Trump é um populista isolacionista e que governa pensando apenas em sua popularidade imediata. Não tenho muita dúvida de qual seria melhor presidente para os EUA. Mas, dado que Bolsonaro construiu uma relação especial com Trump, será que, do ponto de vista brasileiro, a reeleição do presidente americano seria melhor?
Não seria. Primeiro porque a nossa relação de subserviência para com os EUA não nos tem rendido muitos frutos. Às vezes ganhamos um afago —como a simplificação aduaneira—, mas Trump bem sabe que dependemos muito mais dele do que ele de nós e por isso impõe tarifas a nossos produtos sem pensar duas vezes. Ao mesmo tempo, nossa relação com as outras nações só piora. Com Biden, seríamos “forçados” a abandonar a estratégia da bajulação e nos portar novamente como nação altiva em busca de seus interesses.
Interesses como o estreitamento de laços comerciais com todos: China, EUA, UE, países árabes, Israel. Para isso, uma OMC atuante (hoje está, por iniciativa americana, capenga) nos ajuda; já um mundo marcado por guerras comerciais intempestivas, e se fechando cada vez mais, nos atrapalha.
Trump é o rei da bravata vazia. Fala grosso com a China, inicia uma guerra comercial. Mas não entrega resultados. O déficit comercial dos EUA aumentou. No início de seu mandato, Trump saiu das negociações da Parceria Transpacífica, que uniria comercialmente diversas nações do oceano Pacífico, excluindo a China.
Desde então, os demais países fecharam um acordo entre si, e os EUA ficaram de fora. O “colocar a América em primeiro lugar” de Trump significou, na prática, fechar e isolar o país, tornando o mundo menos interconectado e mais caótico.

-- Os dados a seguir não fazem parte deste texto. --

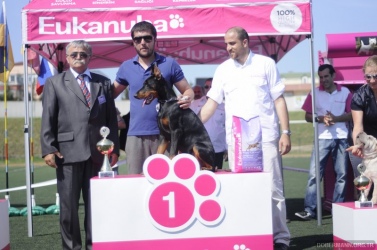 istanbul_cacib2011_01
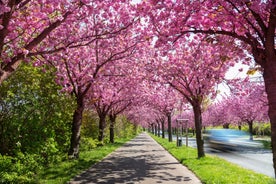 Magdeburg - city in Germany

No debate do dia 22, a diferença entre os dois candidatos era clara: ambos entendem que a ascensão chinesa apresenta ameaças, mas enquanto Trump apela para a mistificação do “vírus chinês”, ponta de lança retórica para um cabo de guerra indefinido, Biden dá os termos de estratégia pensada: enquadrar a China nas regras globais —seja no meio ambiente, propriedade intelectual, práticas comerciais, etc. Com Biden, acordos econômicos substantivos se tornam mais prováveis.
Por fim, o governo Biden seria melhor para nós também na pauta ambiental. Trump encoraja a irresponsabilidade destrutiva de Bolsonaro e Ricardo Salles. Já corremos o risco real de perder o acordo comercial com a UE se nada for feito para reverter o quadro de devastação. Empresas internacionais começam já a boicotar produtos brasileiros que possam estar ligados ao desmatamento. Caso se torne presidente, Biden será mais uma liderança que nos ajudará a seguir a direção certa, conforme ele próprio disse no primeiro debate.

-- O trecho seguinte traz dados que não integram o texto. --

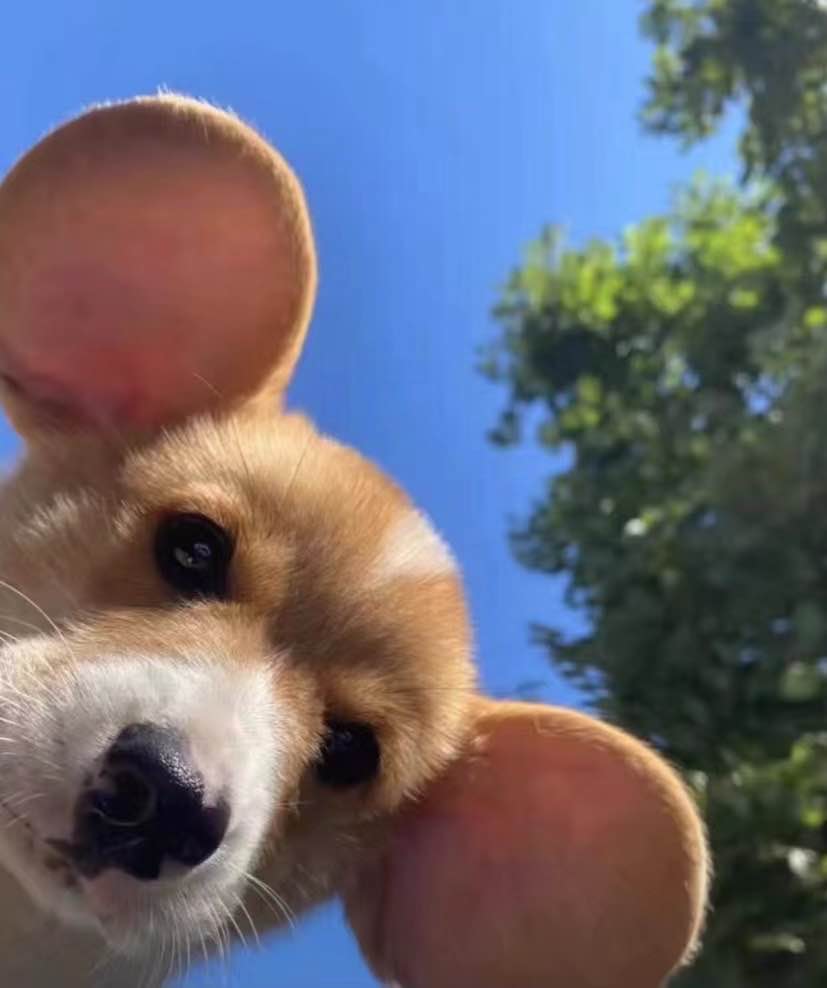 云霄星勤劳的苏木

No meio ambiente, como em tantas outras pautas, nosso interesse de longo prazo é harmônico com o do resto do mundo: a Amazônia é uma fonte de riqueza e prestadora de serviços ambientais que beneficiam mais o Brasil do que qualquer outro país.

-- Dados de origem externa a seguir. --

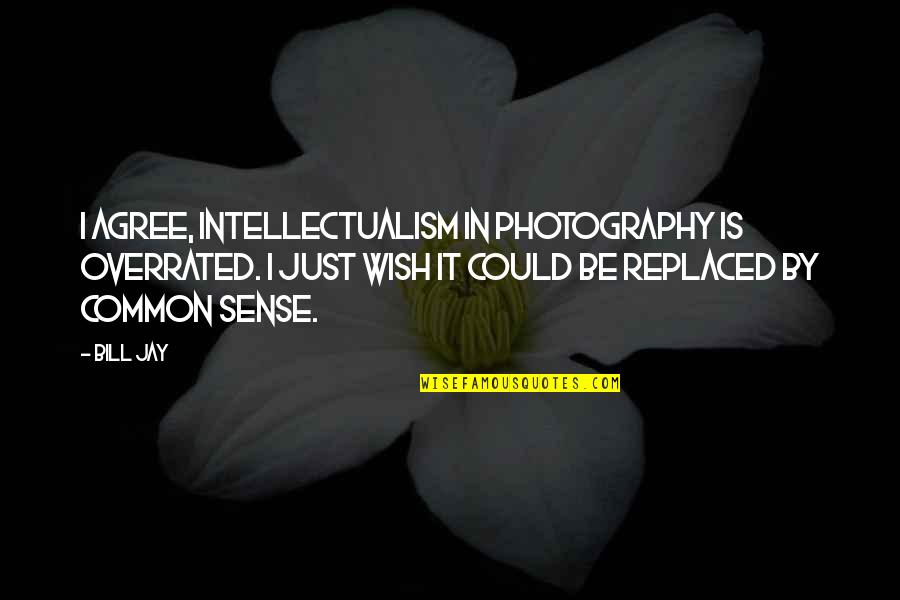 Just Agree Quotes By Bill Jay: I agree, intellectualism in photography is overrated. I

O mundo que beneficia o Brasil é um mundo de relações amistosas entre os países, mediadas por regras e instituições internacionais. Em que a diplomacia tem precedência sobre as armas.
Se Biden vencer, o mundo respirará aliviado. No Brasil, será motivo para celebrar duplamente.
*Joel Pinheiro da Fonseca, economista, mestre em filosofia pela USP.